Polices!

by Sonia Chiambretto
mise en éspace Muta Imago
direction Claudia Sorace
drama and sound Riccardo Fazi
video Maria Elena Fusacchia
lights Gianni Staropoli
with Monica Demuru
production Muta Imago, Fabula Mundi
with the support of Mibact, Regione Lazio, direzione cultura e politiche giovanili, Teatro di Roma

Polices! is halfway between a diary, an archive and a documentary.
A set of materials of different nature and provenance that talks about the French police (public records of trials, law enforcements reports, fragments of demonstrations, mail exchanges, phone calls) collected and put together by the author in order to raise some important issues: what does justice means today, in which relationship law, control and individual freedom are.
We provoked these materials, we went looking for the original traces that produced them, attracted by the poetic and sound dimension that this universe could offer; we tried to give back a voice, a single one, to a multitude of worlds, people, stories. We tried as much as we could to stay close to reality, to its unstable and complex movement.
When Short Theatre Festival asked us to stage this text we asked ourselves: why us? Why should we do it? But it’s been perfetly clear after the very first reading.
First of all, there was the language: we were confronting a dramaturgy built on real materials, taken directly from reality. A written composition that tried to build a tale developing from sums, juxtapositions, references, spanning through materials from different spaces and times.
Sonia Chiambretto’s text moves on a very interesting dialectics between reality and fiction, through an accurate work of selection and recomposition of the original material (presented as true and real) whose origin we’ve lost the traces. The text builds a fictional story starting from real documentary material: a non-linear dramaturgy that spans through times and places in order to confront in the most accurate way a particular issue: that of the history of french police, in all its complexity.
These dramaturgical way to compose texts out of documentary material is a practice we’ve been devloping and investigating in our research lately: and also in this case we decided this was a topic interesting to explore.

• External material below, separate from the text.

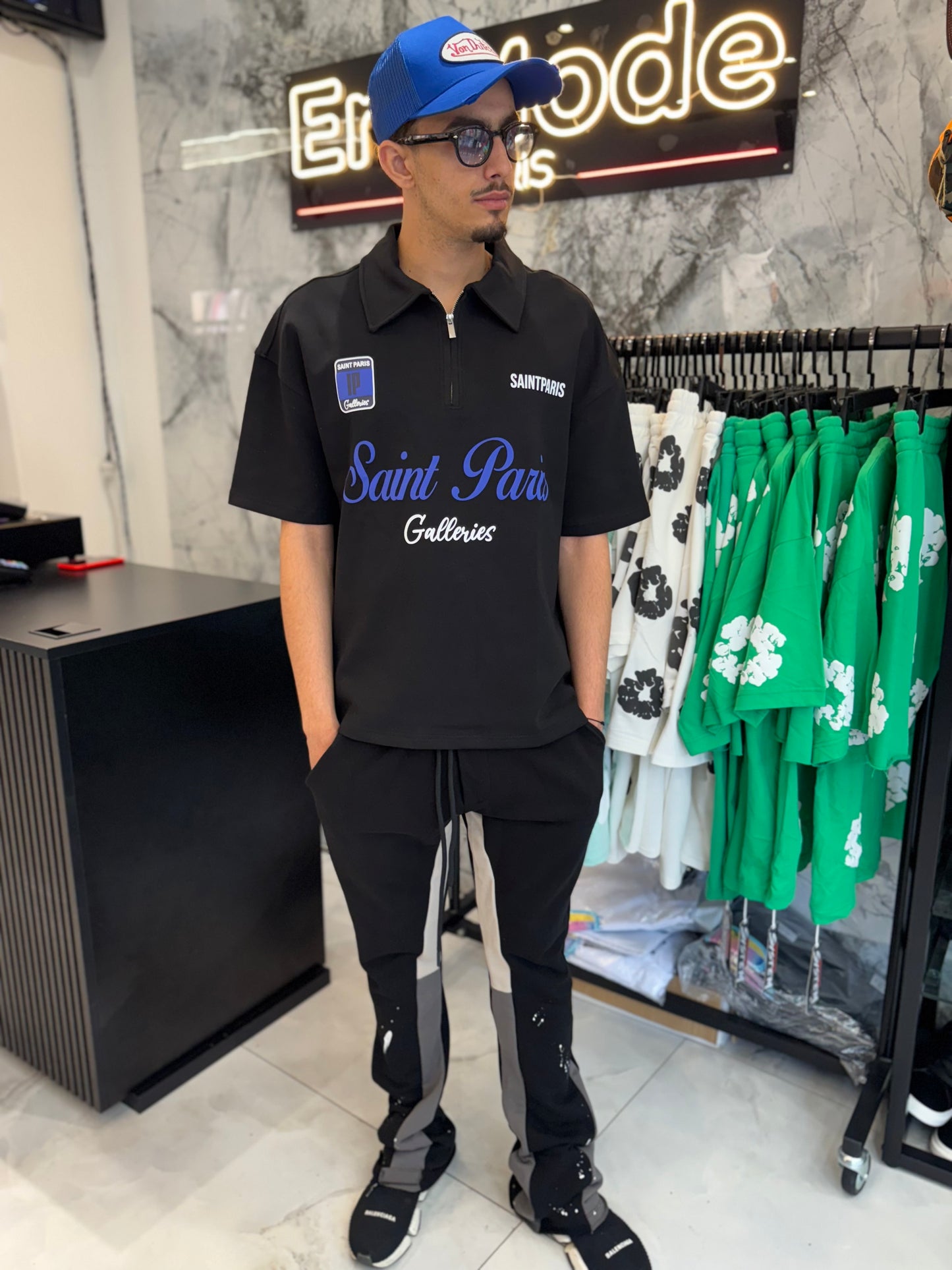 Outfit Saint Hilere Bleu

We went searching for the original traces from which the text developed; we asked the author to send us the links to the original materials from which the dramaturgy started, in order to be closest as possible to the “real” from which the fiction developed: video and television footage, mail exchanges, interviews, trial documents. We’ve listened to them, we went through the reality of sounds and situations.
To go back to the original materials was important for us in order to enter in a deep relationship with the themes addressed by Sonia Chiambretto’s text; themes that represent the second reason of interest regards Polices!

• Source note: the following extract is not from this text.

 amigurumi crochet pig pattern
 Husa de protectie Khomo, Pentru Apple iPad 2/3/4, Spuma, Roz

To work starting from these materials allowed us not to superimpose our point of view to that of the author, allowing us to present and structure our glance in relationship with hers, but on a parallel and different way. Listening to these traces we realized that under the tale of the different practices of the french police (conscious of the differences between the italian and the french police) lied a much bigger question that today talks to all of us: we decided to focus on this matter. It’s the matter of the relationship between control and security. In which relation are they today?
Where is the limit between deprivation of liberty and acquisition of a higher level of security on a collective and personal level? What are we willing to renounce in order to fell safe in our cities? Are we really sure to know what this liberty is, this liberty we’re so ashamed to lose? What liberty we’re talking about?
It’s almost two years now we’ve been living between Rome and Bruxelles and it’s evident that the world around us is changing. The “security” controls in any context of our lives are more and more, but the menace around us is narrated by the media and felt by us as closer and closer. We pretend “security” but at the same time we’re ashamed at the idea of paying this safeness with our liberty. What is the police and which is its role in this situation is a complex and intricate question, and for this reason we decided to approach this text as it was an investigation. We decided to “read” the text, to boserve it, in order to understand where it could lead us. Monica Demuru, a straordinary performer, alone on stage, test the words Chiambretto’s words: she makes them resonate, she provokes them, she gets in and out of them. Together with her we try to understand, aside from where is Right and where is Wrong (the title of one of the text’s chapter) were do we stand in relation to all this.